▶ [WHAT THE TASK REQUIRES]:
Work out how many lines in the data below contain the string "Cushion", and reply with that figure alone.

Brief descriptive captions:

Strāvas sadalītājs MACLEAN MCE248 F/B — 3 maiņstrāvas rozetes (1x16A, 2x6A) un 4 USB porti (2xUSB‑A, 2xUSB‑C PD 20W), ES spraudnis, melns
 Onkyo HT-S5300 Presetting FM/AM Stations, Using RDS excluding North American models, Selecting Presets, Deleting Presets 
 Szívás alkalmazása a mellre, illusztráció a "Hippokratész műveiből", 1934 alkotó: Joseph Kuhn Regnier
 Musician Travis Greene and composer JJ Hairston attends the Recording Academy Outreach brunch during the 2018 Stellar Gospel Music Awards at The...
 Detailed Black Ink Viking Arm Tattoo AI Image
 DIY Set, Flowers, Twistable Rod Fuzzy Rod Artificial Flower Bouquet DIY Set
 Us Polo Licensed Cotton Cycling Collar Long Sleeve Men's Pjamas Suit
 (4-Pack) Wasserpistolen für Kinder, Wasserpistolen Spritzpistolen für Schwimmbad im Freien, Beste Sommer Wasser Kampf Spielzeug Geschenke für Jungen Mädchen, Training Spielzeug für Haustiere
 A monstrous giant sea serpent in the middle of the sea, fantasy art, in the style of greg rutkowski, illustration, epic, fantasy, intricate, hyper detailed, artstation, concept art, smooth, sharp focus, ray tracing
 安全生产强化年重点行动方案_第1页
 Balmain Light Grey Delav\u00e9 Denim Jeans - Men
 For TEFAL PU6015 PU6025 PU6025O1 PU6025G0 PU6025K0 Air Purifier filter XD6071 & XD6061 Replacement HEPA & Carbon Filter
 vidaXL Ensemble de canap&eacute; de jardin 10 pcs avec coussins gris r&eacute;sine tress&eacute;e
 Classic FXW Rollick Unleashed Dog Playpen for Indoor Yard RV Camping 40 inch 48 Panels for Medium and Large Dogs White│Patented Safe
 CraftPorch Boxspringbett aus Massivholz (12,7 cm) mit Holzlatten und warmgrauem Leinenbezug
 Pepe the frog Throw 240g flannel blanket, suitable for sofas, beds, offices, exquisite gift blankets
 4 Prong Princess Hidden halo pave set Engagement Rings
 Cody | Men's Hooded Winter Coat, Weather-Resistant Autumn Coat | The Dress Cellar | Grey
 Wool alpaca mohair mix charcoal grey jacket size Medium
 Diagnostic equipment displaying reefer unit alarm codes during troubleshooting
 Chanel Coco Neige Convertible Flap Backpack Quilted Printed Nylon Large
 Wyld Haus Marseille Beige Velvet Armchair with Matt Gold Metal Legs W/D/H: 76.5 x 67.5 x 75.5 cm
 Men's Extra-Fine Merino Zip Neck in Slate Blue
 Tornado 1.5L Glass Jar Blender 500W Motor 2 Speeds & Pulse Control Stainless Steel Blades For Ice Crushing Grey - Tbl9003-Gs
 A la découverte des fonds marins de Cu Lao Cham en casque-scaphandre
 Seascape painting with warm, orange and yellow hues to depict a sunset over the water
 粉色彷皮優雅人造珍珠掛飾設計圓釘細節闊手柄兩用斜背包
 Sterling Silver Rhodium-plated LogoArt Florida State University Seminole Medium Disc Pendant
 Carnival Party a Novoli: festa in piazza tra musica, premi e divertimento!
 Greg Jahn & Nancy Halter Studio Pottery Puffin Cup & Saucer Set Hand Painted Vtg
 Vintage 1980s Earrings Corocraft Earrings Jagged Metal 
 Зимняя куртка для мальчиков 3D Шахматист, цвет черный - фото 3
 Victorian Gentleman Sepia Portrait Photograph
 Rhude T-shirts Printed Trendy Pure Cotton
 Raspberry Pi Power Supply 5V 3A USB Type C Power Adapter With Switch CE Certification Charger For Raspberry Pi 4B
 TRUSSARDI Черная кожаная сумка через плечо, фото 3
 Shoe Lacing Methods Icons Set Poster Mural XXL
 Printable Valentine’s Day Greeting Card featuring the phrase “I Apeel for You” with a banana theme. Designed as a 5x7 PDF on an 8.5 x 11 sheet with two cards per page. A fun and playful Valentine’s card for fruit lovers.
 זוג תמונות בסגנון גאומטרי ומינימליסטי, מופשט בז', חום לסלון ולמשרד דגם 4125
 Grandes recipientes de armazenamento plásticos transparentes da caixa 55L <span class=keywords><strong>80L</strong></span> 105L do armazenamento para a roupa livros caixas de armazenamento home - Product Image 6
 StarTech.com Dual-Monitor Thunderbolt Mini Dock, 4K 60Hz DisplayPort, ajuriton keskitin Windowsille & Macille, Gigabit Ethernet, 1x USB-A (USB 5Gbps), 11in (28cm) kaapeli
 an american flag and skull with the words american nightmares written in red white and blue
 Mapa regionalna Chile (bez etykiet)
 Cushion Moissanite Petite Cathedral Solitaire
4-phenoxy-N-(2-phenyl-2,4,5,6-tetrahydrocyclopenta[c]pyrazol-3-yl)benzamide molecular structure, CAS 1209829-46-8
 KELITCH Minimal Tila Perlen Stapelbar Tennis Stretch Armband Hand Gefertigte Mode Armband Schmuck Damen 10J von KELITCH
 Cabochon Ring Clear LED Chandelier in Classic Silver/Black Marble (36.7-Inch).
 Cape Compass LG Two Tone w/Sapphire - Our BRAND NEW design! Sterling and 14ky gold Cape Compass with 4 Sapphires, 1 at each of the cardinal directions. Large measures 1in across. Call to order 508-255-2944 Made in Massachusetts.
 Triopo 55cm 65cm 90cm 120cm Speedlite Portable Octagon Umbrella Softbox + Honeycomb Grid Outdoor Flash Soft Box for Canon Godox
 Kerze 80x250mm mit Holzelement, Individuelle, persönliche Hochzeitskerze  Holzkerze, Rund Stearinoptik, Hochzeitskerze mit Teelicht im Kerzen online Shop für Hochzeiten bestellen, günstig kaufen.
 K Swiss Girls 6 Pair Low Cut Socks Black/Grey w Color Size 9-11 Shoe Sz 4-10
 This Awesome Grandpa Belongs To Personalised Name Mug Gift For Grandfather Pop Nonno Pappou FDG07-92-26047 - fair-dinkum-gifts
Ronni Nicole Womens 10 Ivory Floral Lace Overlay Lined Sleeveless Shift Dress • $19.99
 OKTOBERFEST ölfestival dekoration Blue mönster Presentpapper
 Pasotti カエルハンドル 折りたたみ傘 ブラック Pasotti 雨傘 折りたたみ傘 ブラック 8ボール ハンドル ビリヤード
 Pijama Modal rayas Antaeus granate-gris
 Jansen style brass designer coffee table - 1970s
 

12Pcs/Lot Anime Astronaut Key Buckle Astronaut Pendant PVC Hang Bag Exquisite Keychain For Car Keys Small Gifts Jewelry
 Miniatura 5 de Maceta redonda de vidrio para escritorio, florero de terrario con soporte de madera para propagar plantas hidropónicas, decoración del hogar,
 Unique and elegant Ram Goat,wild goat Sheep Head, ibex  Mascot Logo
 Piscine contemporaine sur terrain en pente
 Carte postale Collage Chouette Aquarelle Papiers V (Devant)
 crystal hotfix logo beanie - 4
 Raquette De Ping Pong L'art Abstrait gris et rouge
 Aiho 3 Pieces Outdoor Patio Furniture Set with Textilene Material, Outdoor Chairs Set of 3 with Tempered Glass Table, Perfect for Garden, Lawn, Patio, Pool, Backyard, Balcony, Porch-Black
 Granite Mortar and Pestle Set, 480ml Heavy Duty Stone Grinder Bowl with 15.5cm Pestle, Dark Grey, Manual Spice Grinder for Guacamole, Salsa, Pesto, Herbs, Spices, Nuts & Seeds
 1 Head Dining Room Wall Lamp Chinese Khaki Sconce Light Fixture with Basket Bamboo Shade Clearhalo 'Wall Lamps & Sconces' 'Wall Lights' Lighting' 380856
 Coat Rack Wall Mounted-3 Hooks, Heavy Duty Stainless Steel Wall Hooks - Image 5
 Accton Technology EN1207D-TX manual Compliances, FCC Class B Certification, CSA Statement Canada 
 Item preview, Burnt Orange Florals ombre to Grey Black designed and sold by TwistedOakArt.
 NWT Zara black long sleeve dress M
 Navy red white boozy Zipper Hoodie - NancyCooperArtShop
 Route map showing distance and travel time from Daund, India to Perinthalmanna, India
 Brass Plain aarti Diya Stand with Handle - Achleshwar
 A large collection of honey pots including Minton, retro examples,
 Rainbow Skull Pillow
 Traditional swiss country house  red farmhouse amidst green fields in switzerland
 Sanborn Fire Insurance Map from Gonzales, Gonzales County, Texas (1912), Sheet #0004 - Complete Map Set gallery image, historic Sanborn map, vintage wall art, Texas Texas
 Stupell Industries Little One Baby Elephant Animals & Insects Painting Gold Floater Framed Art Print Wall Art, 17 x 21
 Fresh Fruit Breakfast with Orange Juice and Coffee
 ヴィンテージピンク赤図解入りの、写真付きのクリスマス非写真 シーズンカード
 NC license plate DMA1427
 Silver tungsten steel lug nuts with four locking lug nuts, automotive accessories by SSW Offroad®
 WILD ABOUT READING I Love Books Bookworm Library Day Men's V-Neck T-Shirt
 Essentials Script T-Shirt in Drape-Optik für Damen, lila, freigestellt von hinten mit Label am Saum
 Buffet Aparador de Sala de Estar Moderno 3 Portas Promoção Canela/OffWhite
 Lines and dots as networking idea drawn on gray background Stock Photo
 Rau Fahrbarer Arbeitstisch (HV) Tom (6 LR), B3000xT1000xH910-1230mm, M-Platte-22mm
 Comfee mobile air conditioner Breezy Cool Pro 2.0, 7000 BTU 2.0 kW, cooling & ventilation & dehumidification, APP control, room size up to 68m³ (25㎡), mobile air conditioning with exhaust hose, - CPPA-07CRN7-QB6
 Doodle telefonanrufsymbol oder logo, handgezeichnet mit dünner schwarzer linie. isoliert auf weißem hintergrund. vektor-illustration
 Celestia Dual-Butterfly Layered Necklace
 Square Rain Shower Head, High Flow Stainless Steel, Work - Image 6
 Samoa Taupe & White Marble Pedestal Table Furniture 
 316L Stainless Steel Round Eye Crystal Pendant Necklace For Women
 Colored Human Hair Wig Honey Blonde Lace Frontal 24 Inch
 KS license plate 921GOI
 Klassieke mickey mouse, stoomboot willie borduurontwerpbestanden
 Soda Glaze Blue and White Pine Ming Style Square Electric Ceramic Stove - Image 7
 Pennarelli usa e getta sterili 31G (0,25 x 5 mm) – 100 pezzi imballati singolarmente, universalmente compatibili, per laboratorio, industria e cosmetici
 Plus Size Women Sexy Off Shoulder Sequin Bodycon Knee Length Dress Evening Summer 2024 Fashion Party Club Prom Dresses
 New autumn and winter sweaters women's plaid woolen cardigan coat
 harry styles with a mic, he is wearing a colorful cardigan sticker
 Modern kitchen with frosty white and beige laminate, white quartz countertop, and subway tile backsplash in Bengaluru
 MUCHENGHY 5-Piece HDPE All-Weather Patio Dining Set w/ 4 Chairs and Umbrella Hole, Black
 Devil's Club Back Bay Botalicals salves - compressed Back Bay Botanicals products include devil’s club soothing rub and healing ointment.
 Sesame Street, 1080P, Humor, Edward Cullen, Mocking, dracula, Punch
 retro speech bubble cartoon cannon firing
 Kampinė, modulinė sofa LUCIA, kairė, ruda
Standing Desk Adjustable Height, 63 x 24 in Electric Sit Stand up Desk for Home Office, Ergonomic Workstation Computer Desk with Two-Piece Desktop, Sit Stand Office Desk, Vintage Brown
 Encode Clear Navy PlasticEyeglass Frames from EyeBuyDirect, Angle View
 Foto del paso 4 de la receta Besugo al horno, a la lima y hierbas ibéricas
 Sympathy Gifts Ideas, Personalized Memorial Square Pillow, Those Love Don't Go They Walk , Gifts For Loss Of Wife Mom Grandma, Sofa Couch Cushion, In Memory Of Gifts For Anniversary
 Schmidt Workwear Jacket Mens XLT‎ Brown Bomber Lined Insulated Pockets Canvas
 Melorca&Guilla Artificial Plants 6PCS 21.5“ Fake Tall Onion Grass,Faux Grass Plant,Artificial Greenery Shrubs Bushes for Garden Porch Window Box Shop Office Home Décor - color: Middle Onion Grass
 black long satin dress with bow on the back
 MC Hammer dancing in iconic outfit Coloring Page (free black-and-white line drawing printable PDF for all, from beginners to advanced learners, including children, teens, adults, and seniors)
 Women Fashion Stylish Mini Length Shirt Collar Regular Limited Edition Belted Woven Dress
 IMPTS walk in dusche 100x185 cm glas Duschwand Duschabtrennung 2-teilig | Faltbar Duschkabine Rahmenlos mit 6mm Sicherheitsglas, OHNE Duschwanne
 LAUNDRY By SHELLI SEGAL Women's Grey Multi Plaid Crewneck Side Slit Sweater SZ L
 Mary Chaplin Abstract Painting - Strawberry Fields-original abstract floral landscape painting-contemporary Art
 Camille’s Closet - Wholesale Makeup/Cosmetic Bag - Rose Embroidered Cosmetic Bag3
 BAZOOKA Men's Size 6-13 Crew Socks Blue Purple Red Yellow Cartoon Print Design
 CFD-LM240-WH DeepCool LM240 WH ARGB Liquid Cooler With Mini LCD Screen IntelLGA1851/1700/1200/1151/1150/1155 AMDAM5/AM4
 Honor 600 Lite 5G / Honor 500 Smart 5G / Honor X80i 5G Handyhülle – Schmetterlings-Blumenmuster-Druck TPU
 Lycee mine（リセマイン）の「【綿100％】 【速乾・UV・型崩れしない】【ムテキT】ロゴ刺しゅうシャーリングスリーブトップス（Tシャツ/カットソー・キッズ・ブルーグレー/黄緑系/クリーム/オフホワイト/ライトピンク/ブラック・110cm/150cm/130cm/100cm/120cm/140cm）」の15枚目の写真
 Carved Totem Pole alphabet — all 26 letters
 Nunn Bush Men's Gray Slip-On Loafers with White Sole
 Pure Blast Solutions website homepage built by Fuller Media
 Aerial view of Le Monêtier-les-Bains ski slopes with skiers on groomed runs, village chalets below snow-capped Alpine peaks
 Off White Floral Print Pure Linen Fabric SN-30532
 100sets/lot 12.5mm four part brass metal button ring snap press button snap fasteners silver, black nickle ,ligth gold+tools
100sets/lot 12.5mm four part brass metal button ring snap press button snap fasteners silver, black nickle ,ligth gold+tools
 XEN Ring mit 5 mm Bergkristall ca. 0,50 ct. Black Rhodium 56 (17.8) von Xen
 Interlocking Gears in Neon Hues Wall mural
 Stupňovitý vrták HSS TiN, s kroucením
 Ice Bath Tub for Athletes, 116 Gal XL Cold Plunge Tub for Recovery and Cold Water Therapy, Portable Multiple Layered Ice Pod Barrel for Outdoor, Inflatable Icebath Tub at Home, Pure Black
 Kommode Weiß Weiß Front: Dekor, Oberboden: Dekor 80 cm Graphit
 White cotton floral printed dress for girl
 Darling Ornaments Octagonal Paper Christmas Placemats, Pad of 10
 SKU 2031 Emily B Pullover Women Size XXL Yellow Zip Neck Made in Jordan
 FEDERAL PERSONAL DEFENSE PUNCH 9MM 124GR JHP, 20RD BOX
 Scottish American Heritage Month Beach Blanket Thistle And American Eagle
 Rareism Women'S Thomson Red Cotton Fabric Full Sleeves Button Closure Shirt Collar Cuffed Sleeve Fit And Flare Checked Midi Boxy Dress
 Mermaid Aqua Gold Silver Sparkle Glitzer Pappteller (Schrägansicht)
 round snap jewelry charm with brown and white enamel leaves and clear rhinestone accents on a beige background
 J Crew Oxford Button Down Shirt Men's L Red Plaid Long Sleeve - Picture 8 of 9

▶ [TASK SOLUTION]:
2